§ **Extracted material**:
↓↓↓

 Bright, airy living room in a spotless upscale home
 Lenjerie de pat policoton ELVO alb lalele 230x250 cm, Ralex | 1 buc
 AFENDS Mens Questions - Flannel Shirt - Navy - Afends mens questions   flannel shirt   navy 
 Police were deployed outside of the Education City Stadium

↑↑↑
↓↓↓

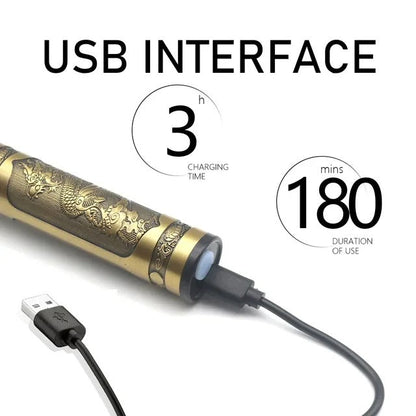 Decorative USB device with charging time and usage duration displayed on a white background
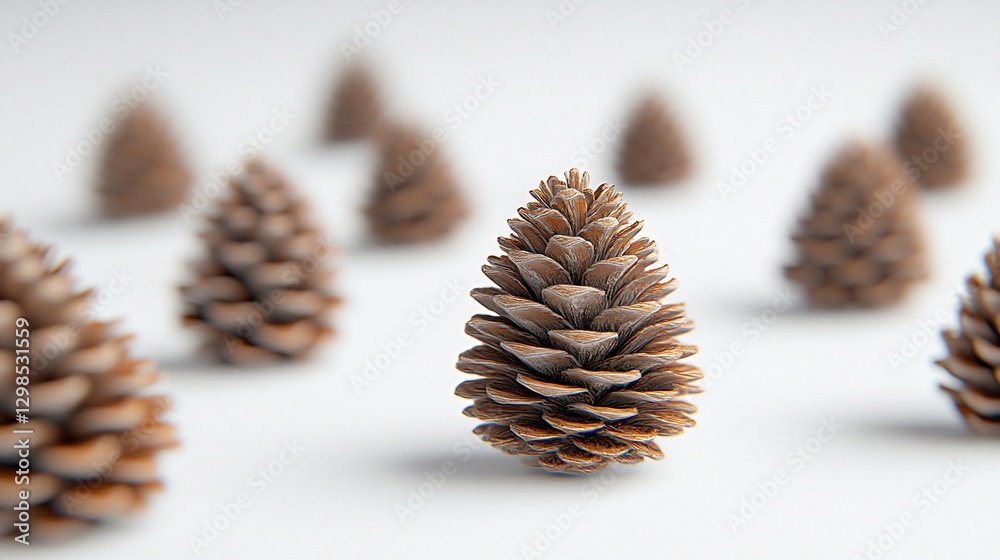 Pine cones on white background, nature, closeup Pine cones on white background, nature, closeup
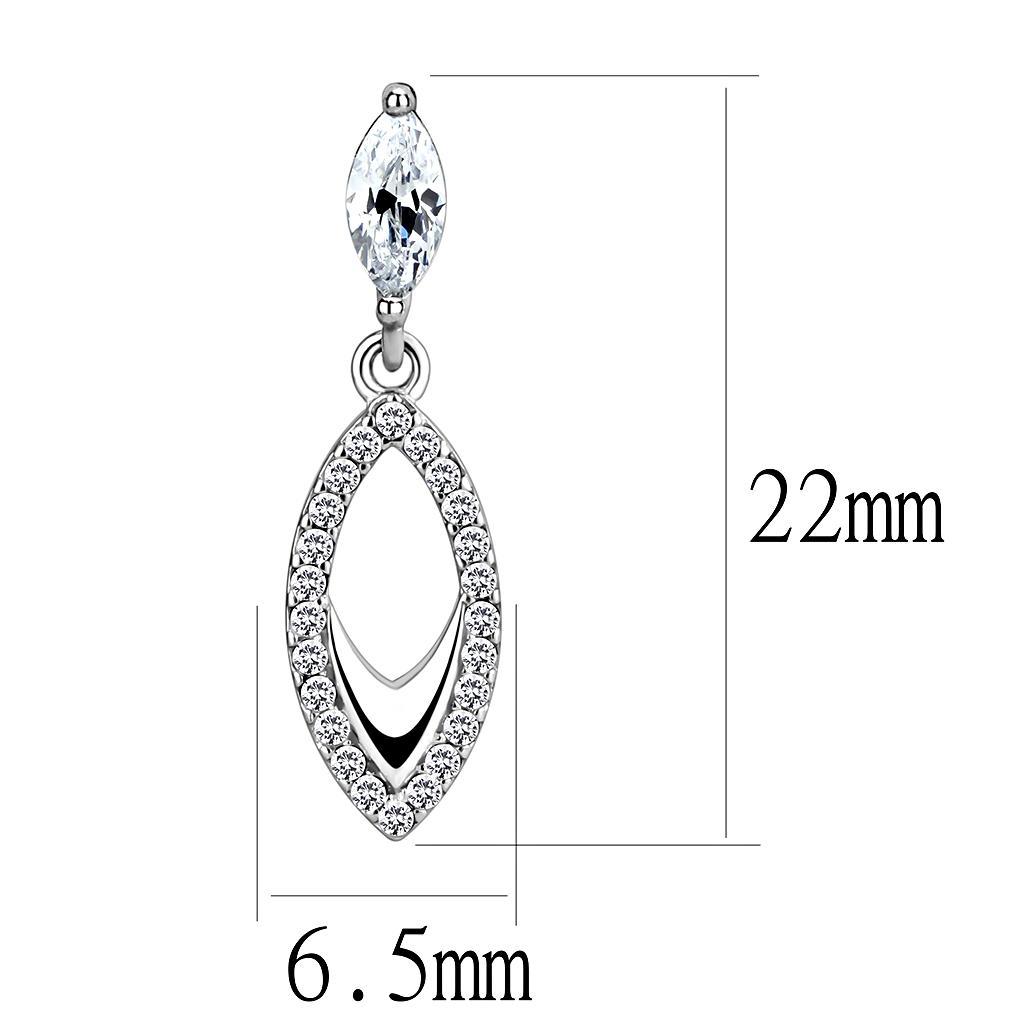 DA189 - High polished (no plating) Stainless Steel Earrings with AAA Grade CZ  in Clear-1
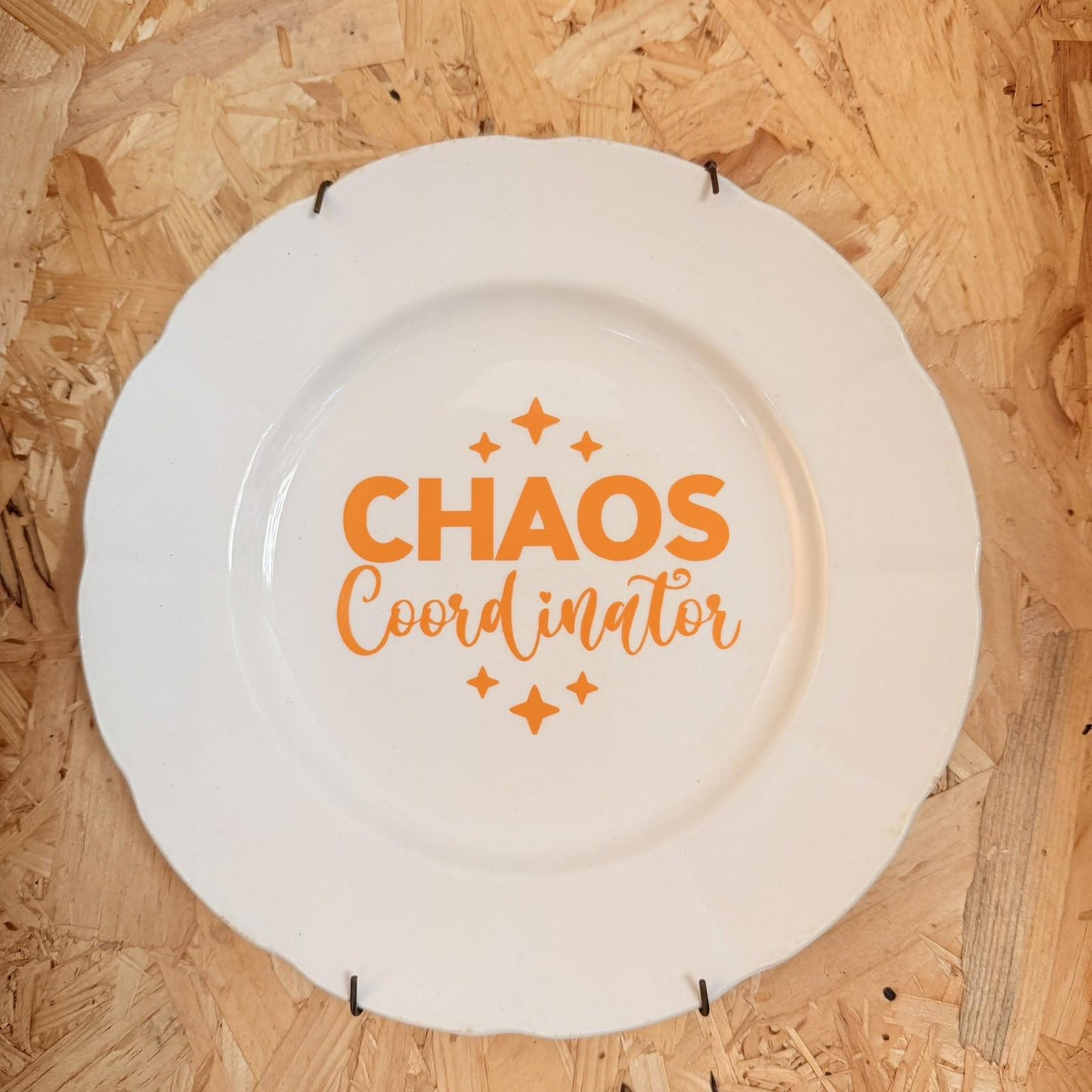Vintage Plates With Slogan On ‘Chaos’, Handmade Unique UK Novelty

↑↑↑

§ **What to produce**: Starting at the line above that holds "DA189 - High", repeat every line exactly down to and including the line that holds "Vintage Plates With", then stop. Do not carry over any pictures.

§ **Response to this exercise**:
 DA189 - High polished (no plating) Stainless Steel Earrings with AAA Grade CZ  in Clear-1
Vintage Plates With Slogan On ‘Chaos’, Handmade Unique UK Novelty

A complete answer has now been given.